== Segment start ==
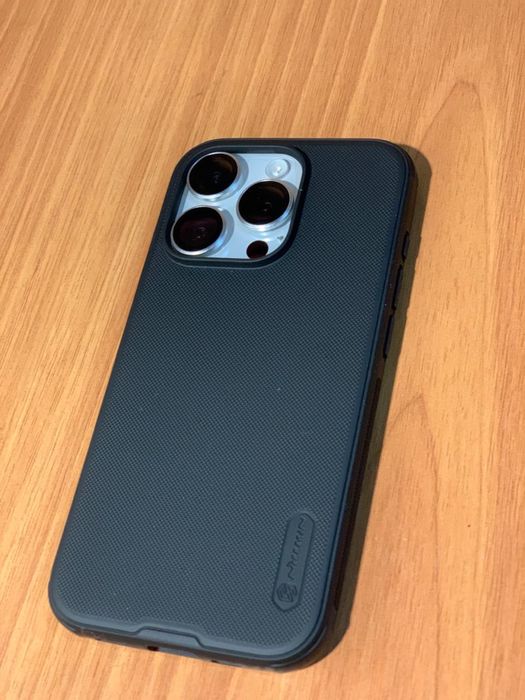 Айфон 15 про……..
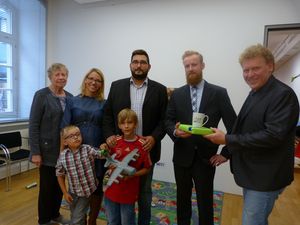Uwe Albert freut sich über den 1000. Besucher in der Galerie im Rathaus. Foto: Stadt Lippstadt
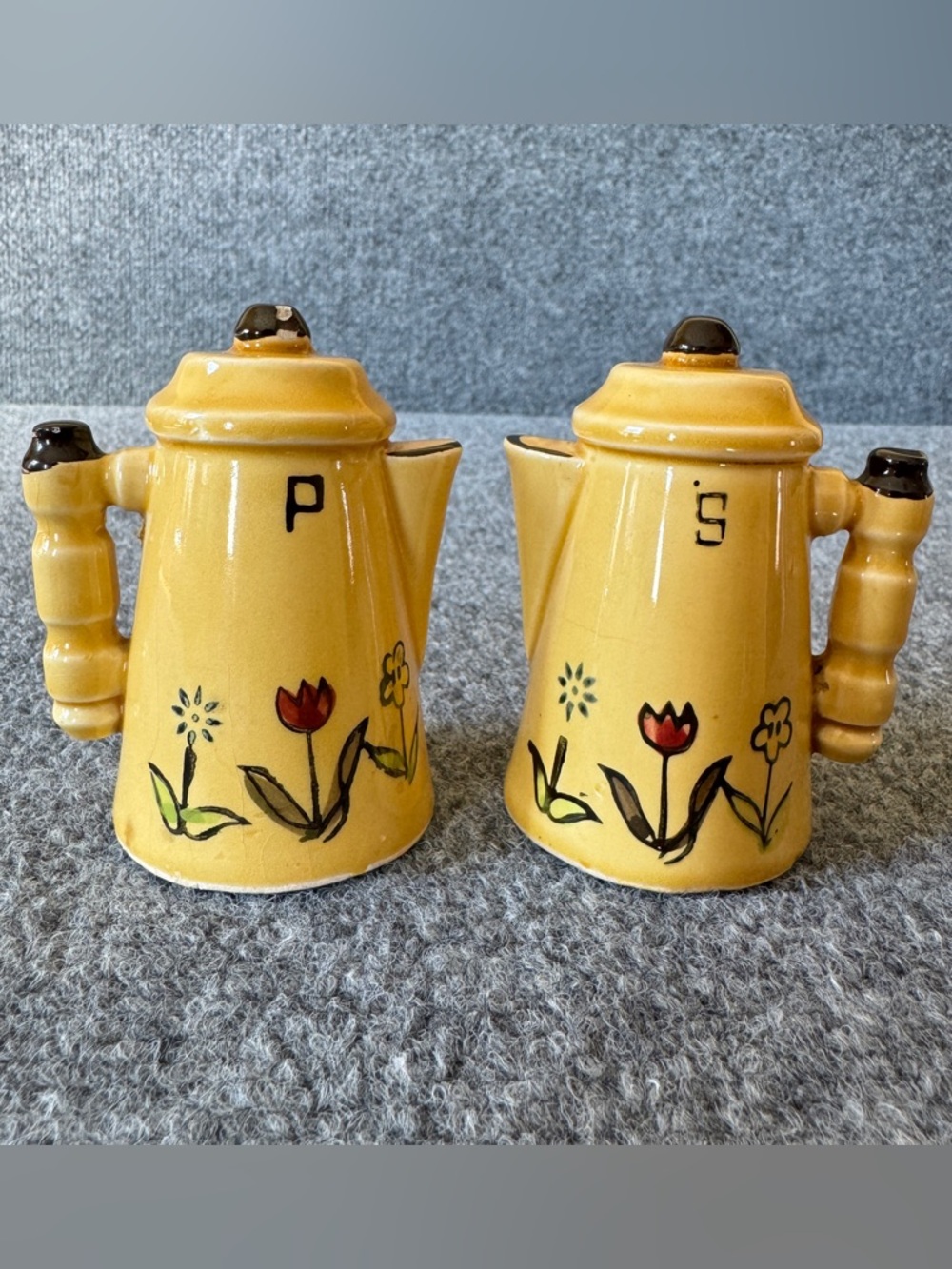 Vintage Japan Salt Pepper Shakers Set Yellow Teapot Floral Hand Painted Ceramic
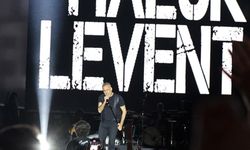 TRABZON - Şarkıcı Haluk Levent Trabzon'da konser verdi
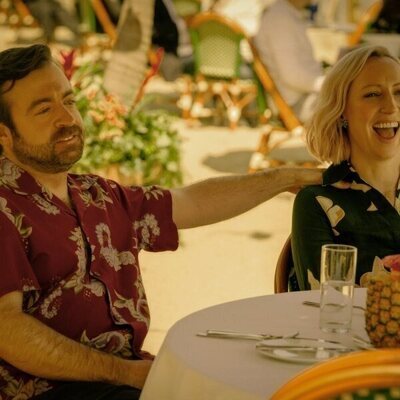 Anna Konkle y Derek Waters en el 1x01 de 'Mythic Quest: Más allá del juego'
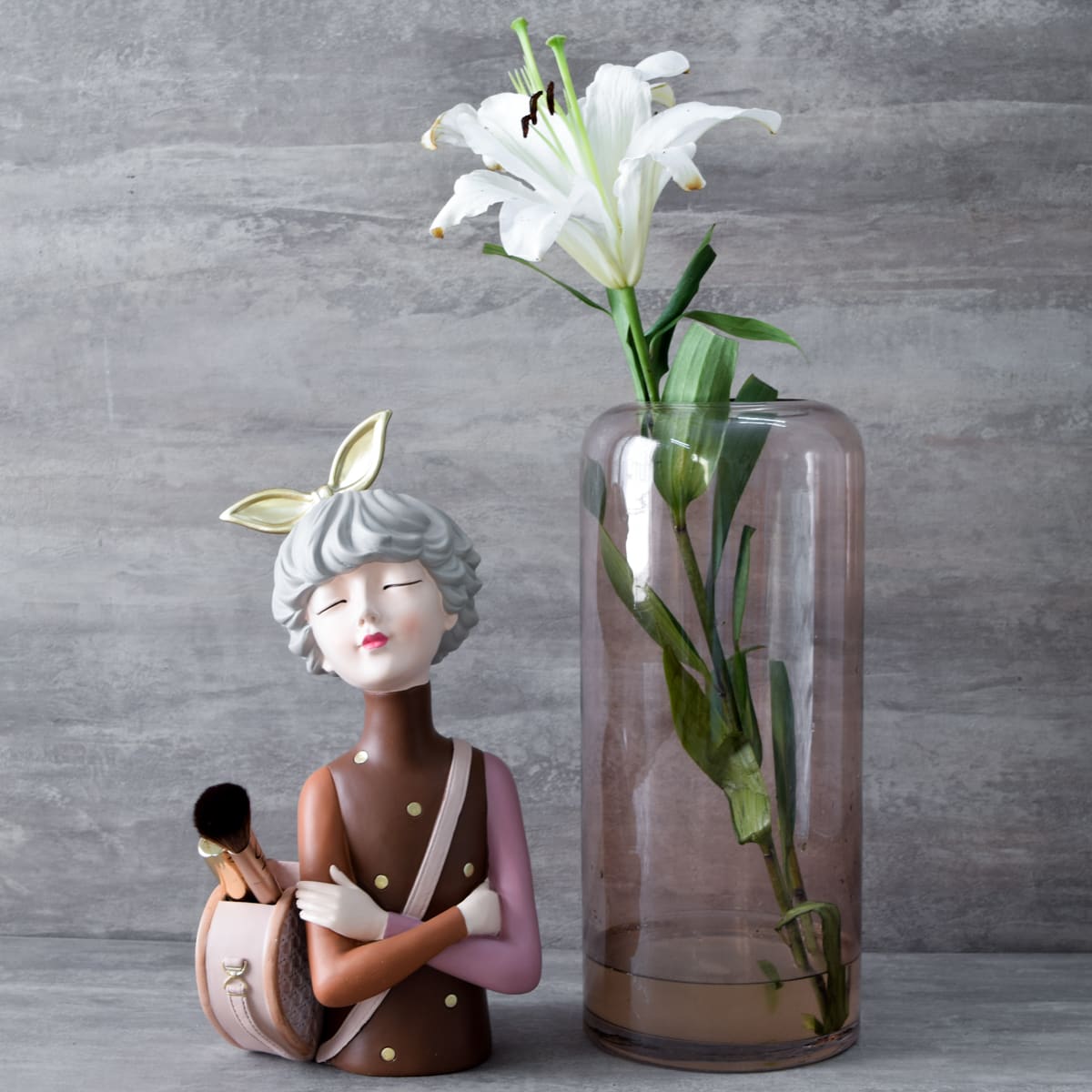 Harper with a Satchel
== Segment end ==
Description of the task:
Output all the material exactly. The pictures are to be left out.

Result of this exercise:
 Айфон 15 про……..
Uwe Albert freut sich über den 1000. Besucher in der Galerie im Rathaus. Foto: Stadt Lippstadt
 Vintage Japan Salt Pepper Shakers Set Yellow Teapot Floral Hand Painted Ceramic
 TRABZON - Şarkıcı Haluk Levent Trabzon'da konser verdi
 Anna Konkle y Derek Waters en el 1x01 de 'Mythic Quest: Más allá del juego'
 Harper with a Satchel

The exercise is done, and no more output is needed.